Even more frightening is the way it connects so easily to the virgin-fetishizing abstinence-only "education" (that is federally funded). I vomit a little in my mouth every time I hear someone encouraged to "save herself" for marriage. Oneself is more than their virginity, and it cannot be diminished by sex or any other act. Nothing gets used up or taken away by having romantic relationships or sexual relationships. At most, a healthy person can share themself emotionally and physically with another. Expecting anything more sets up a dynamic between people that necessarily facilitates rape, because consent is impossible when you're not empowered to give it.

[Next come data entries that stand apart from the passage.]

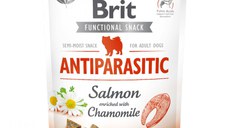 BRIT Care Functional Snack Antiparasitic, Somon cu Mușețel, recompense funționale fără cereale câini, antiparazitar, 150g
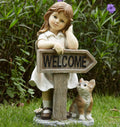 Girl Solar Garden Statue 17.3 Inch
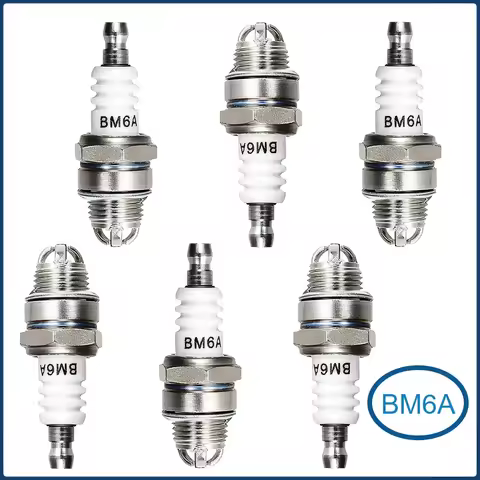 6PCS BM6A Spark Plugs Glow Plug Standard for 2-stroke Logging Saw Chainsaw Lawn Strimmer Garden Powe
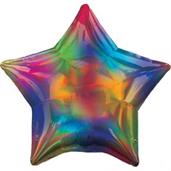 19 Iridescent Rainbow Star - Flt Foil Balloon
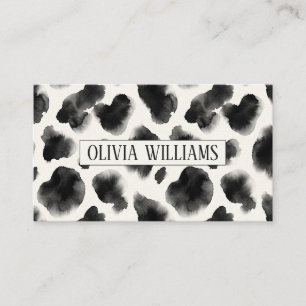 Carte De Visite Motif imprimé vache noir et blanc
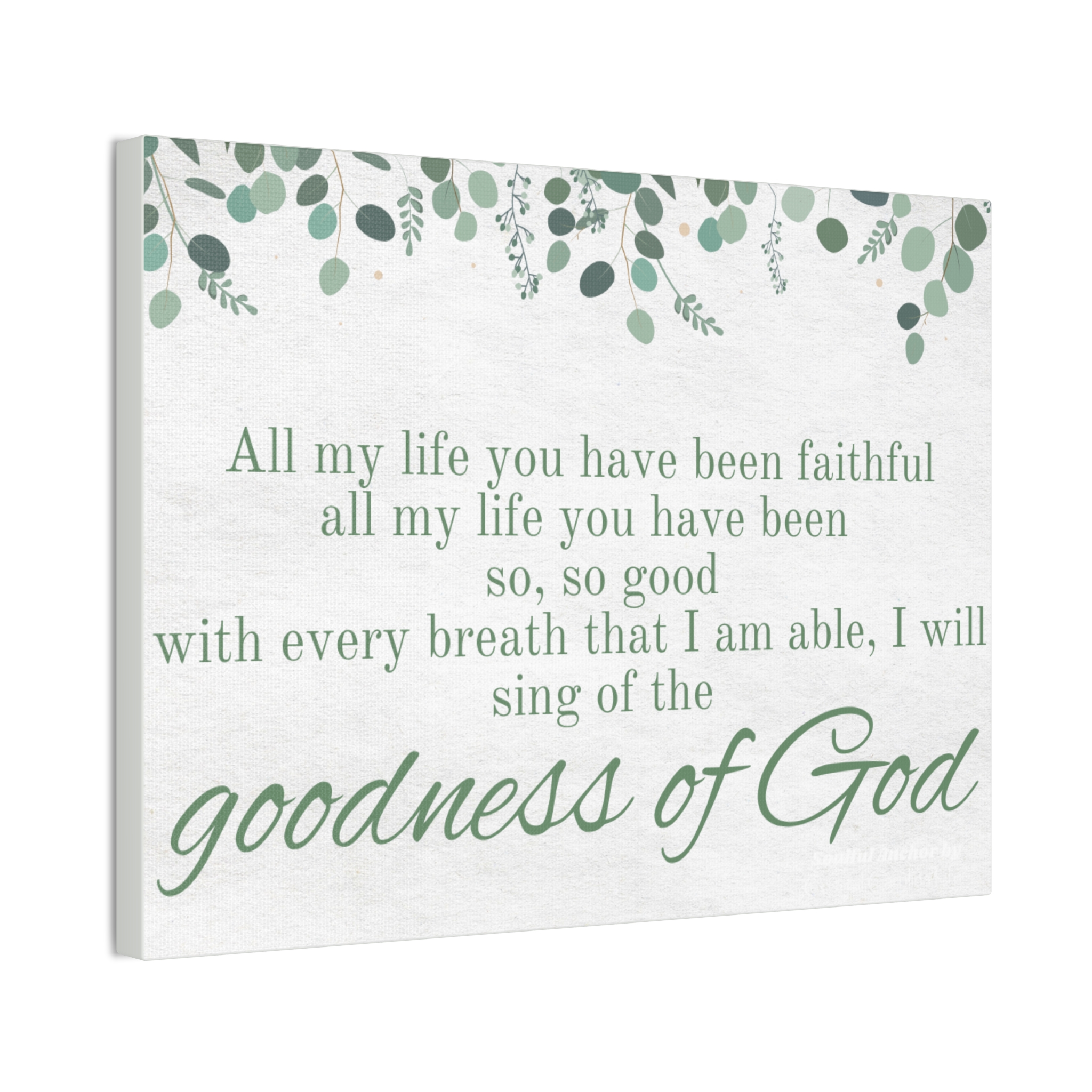 Bible Verse Canvas – Calming Faith Art with Sage Botanical Design - Image 2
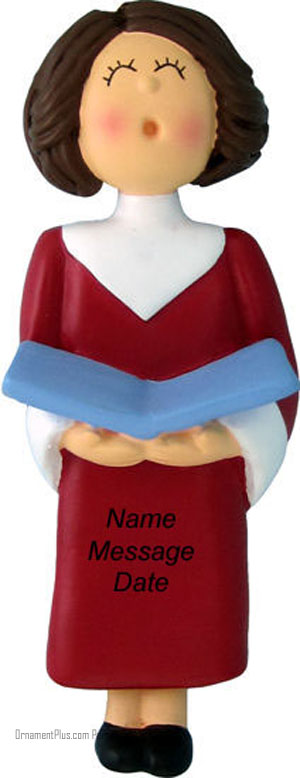 Brunette Girl Choir Ornament - Personalized Ornament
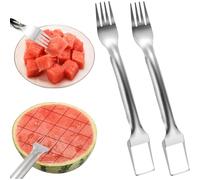 2Pcs Watermelon Fork Slicer Cutter, Stainless Steel 2-in-1 Watermelon Slicer and Fork, Easy Fruit Cutter Tool for Home, Party, Camping, Kitchen Gadgets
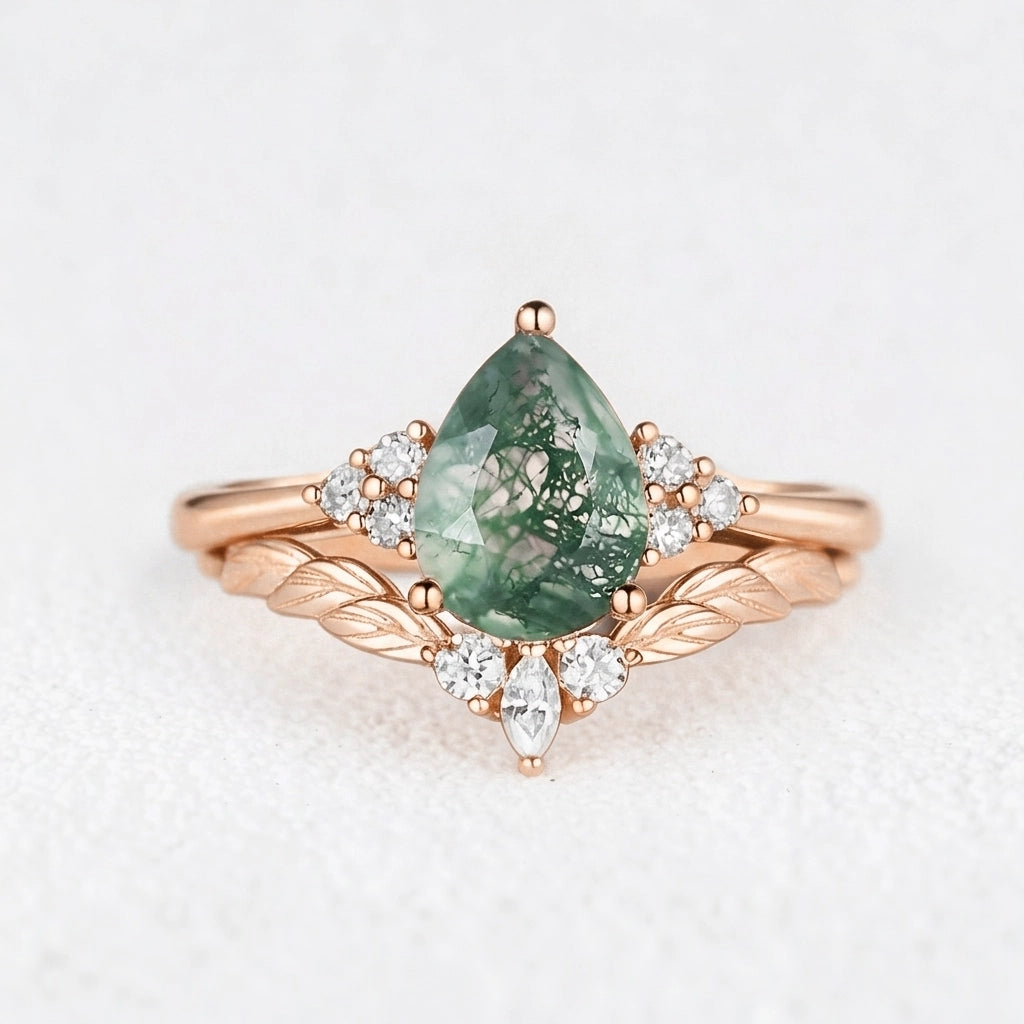 Mirabel’s Idyll | Unique Moss Agate Leaf Engagement Ring Set 2pcs.
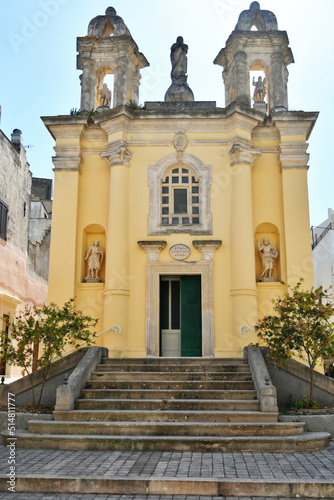 Church facade in Uggiano, a medieval town in the Puglia region of Italy.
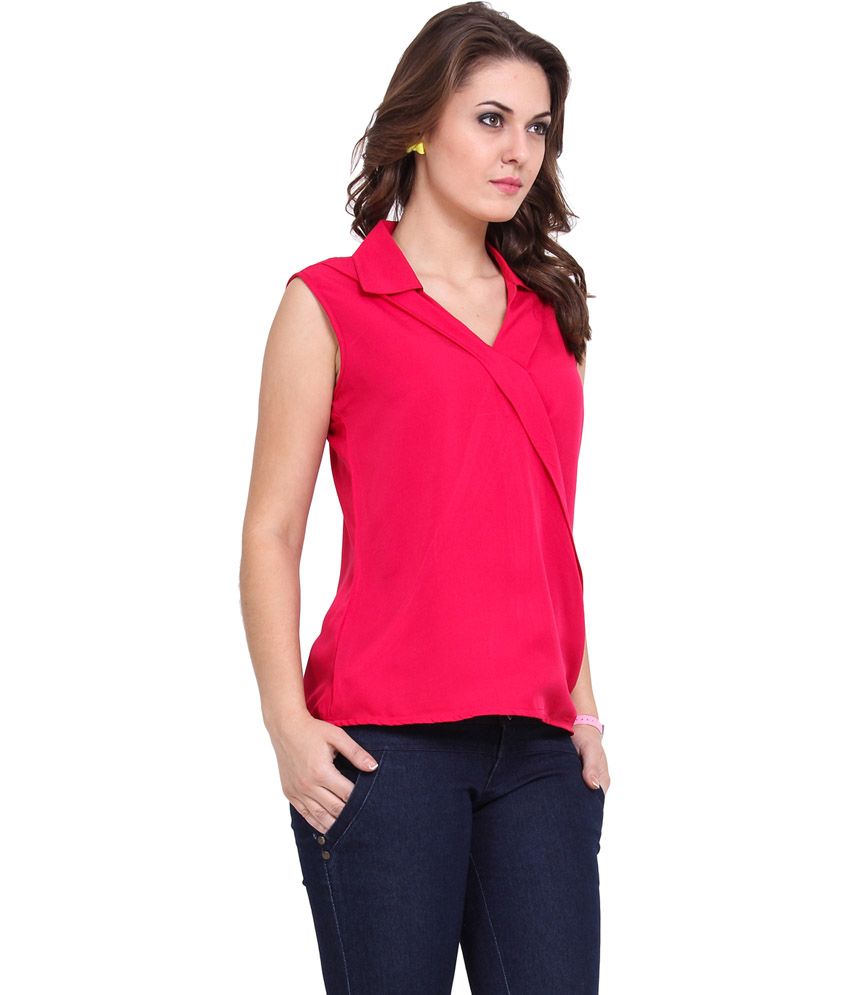 pink crepe blouse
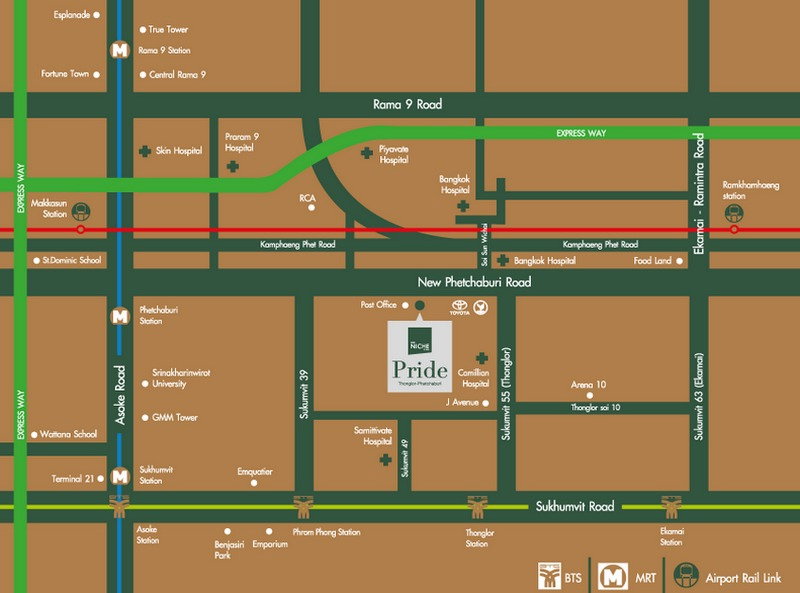 รูป Call : 095-985-4596 คอนโด เดอะ นิช ไพรด์ ทองหล่อ-เพชรบุรี ใกล้ MRT เพชรบุรี 36 ตารางเมตร 1 ห้องนอน ชั้น24 วิวสระว่ายน้ำ ตกแต่งครบ - รูปที่ 10/11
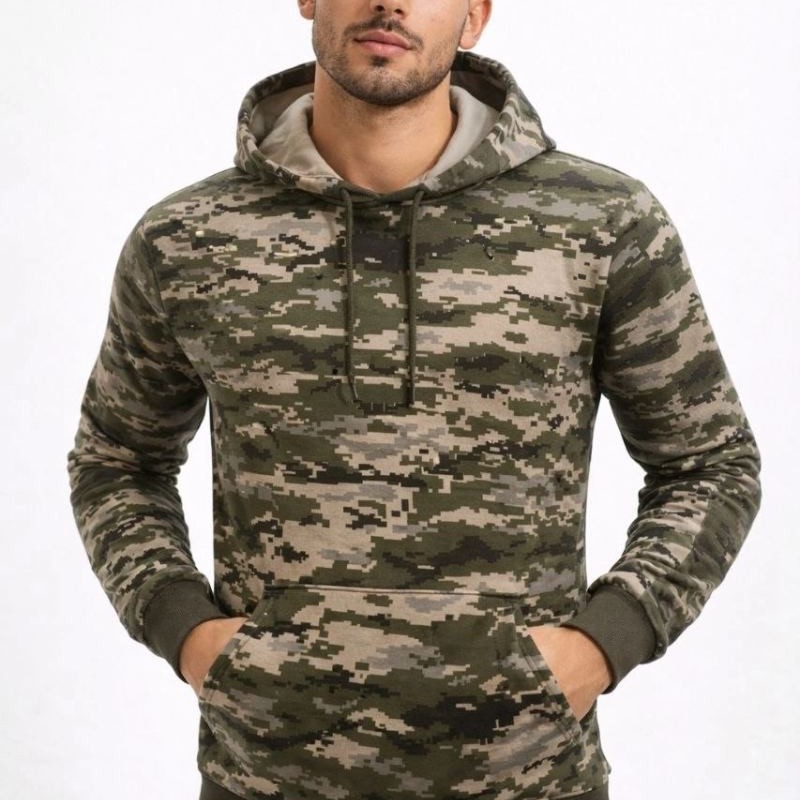 Erkek Kamuflaj Desenli 2 İplik 4 Mevsim Kapüşonlu Kanguru Cepli Hoodie Sweatshirt - Kamuflaj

Further in the blog conversation on the subject of what constitutes rape, Lipton says,
Of course, life goes on and the courts must act. Inevitably, they will (and do) reflect the vast societal confusion that accompanies a breakdown in social consensus.My response:
Most rape is of the non-violent, date rape sort, and very difficult to prosecute in our legal system. A victim's reduced capacity to consent or a victim's prior sexual history does not mitigate the fact that sex without consent is rape. Perhaps in the bad old days, women weren't allowed control over consent once dinner was bought for them or a ring put on their finger, but I for one am glad to have seen the "breakdown" of that particular social consensus. Let's all do our best to obliterate it, instead of propping it up with slut-shaming and misogyny.
Note: The first iteration of this post wasn't accurate in the who-said-what department, so I've edited it to reflect my understanding of what's gone down. I actually caught wind of the whole conversation by way of a third IS-R columnist in the paper on Sunday, so I am coming in late to party. Thanks to Serephin of 43rd State Blues for the pointer.